| Supplied data |
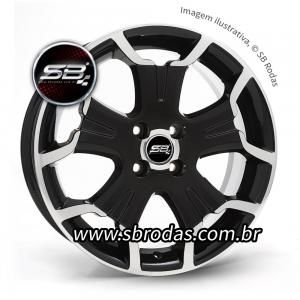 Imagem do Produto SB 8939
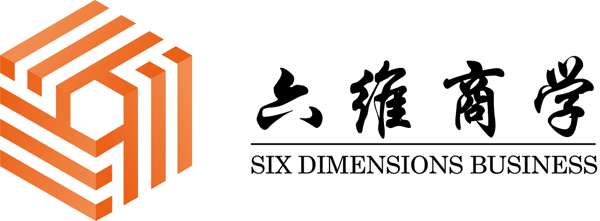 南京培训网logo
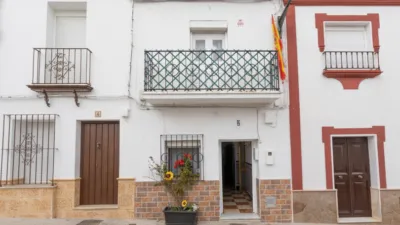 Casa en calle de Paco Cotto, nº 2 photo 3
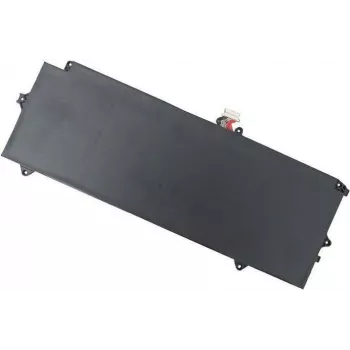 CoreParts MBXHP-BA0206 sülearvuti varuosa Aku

==

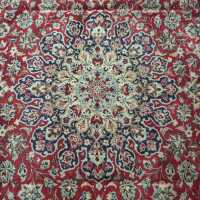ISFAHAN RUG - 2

| Your objective |
Beginning with the line above that has "Imagem do Produto SB 8939" and going on through the line that has "CoreParts MBXHP-BA0206 sülearvuti", retype every line exactly and add nothing else; drop the pictures.

| Your solution |
 Imagem do Produto SB 8939
 南京培训网logo
 Casa en calle de Paco Cotto, nº 2 photo 3
 CoreParts MBXHP-BA0206 sülearvuti varuosa Aku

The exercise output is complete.